Data from the National Weather Service shows that nearly half of all flash flood fatalities are vehicle-related.
Officials say even slow-moving water can pose a serious threat. Six inches of fast-moving flood water can knock a person off his or her feet, and most cars will float (and be swept away) in only 18-24 inches of moving water. Trucks and SUVs offer little addition protection.
The safest practice during a flood or flash flood is to avoid driving onto water-covered roadways, even if the water depth appears low. Water depth is very difficult to estimate on roads, especially at night, when many flood deaths occur.
In the case of a flash flood, waters rise very quickly. Water that covered a road by only 6 inches at one moment could easily be 2 to 3 feet deep just seconds later.

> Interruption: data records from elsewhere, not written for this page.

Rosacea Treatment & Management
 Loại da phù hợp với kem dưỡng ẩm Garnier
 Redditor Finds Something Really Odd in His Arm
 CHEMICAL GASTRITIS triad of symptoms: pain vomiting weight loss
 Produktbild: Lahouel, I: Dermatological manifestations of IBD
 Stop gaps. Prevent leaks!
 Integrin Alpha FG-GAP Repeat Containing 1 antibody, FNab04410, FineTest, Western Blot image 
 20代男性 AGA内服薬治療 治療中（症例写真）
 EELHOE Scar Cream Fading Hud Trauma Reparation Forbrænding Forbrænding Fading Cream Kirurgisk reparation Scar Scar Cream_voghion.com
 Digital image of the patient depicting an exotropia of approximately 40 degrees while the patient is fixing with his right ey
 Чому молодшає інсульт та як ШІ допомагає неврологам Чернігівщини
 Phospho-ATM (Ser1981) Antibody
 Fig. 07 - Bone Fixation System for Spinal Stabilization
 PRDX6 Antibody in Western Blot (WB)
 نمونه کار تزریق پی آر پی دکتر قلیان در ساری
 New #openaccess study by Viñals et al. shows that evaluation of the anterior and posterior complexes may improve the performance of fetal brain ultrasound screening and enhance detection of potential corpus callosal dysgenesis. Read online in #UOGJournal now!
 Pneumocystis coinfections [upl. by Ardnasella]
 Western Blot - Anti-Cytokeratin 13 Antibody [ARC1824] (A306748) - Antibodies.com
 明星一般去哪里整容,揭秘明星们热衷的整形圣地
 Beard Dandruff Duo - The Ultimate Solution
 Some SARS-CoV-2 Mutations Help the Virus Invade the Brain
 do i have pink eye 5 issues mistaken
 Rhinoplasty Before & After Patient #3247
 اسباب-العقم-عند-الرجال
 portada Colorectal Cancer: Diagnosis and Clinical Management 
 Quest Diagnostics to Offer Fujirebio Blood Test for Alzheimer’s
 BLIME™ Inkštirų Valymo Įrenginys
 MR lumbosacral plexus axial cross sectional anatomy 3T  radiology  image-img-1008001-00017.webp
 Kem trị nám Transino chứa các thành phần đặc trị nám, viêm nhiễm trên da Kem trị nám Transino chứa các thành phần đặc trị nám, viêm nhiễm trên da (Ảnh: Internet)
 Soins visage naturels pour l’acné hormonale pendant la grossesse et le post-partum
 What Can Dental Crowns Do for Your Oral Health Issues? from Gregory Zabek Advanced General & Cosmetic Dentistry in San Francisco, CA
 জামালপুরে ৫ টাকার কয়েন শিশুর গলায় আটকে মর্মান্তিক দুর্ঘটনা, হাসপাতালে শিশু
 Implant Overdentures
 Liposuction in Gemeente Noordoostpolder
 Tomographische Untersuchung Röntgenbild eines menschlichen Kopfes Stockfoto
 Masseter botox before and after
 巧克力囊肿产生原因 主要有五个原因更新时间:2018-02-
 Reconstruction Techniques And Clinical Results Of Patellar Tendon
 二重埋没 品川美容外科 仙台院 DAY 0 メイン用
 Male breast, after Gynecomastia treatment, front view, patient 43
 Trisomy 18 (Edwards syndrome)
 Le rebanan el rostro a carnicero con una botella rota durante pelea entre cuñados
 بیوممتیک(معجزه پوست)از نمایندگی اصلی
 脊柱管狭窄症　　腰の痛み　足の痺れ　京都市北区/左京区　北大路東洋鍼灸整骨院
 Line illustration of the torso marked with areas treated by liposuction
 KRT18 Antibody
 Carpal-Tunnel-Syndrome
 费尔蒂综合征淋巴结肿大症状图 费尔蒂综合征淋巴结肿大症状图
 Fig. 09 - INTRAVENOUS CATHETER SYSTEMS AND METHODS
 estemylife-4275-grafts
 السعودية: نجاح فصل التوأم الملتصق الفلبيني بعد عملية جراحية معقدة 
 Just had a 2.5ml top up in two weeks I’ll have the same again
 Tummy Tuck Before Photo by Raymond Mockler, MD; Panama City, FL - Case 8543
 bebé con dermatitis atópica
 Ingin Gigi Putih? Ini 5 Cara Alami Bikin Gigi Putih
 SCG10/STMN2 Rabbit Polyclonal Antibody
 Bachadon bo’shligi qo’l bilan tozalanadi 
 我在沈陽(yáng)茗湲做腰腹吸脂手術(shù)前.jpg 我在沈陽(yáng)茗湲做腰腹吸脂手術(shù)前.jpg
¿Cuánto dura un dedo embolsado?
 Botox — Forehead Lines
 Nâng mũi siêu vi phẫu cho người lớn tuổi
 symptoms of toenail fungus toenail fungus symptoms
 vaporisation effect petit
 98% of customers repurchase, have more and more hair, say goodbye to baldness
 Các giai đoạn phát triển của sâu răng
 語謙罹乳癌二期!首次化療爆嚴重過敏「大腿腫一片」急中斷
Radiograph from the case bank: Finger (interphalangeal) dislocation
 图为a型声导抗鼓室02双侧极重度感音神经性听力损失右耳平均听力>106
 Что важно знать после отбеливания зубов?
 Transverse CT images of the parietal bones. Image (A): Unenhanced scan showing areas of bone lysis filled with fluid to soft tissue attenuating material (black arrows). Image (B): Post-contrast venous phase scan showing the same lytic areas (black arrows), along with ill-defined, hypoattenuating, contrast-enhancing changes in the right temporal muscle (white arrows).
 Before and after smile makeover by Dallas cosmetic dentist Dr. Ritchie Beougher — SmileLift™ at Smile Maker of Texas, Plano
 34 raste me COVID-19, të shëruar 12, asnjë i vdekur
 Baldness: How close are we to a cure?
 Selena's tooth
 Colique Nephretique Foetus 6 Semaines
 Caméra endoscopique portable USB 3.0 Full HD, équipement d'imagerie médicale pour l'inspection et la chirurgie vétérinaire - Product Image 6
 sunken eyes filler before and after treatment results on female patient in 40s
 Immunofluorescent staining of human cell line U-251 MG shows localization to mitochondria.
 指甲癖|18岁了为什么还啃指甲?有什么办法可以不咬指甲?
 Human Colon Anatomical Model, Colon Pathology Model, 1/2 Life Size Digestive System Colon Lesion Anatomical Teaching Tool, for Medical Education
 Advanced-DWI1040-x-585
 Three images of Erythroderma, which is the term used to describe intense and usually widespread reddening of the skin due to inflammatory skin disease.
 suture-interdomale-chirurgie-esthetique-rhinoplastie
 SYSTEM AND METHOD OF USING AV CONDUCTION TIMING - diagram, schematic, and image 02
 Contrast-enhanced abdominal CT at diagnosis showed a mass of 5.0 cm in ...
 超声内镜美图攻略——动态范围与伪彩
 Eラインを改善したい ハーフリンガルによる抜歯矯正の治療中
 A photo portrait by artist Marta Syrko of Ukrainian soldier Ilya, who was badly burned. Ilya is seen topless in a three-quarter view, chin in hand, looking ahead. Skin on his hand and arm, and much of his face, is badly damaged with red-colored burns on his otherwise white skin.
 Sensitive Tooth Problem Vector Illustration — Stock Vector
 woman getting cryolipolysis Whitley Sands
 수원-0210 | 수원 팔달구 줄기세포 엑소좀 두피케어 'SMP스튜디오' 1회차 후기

Escaping from a vehicle once flood waters have carried it away is very difficult, and in some cases nearly impossible. Among the problems: water pressure on the outside of the vehicle prevents occupants from opening doors; the vehicle could overturn into a ditch or ravine and become inundated; and even if a person were able to get out of the vehicle, the strong current and undertow of the flood waters would likely be too much to overcome in attempting to swim to safety.
If your car stalls in a flooded area, do not remain in the car. Abandon it as soon as possible and seek higher ground. Floodwaters can rise rapidly and sweep a car (and its occupants) away. Many deaths have resulted from attempts to move stalled vehicles.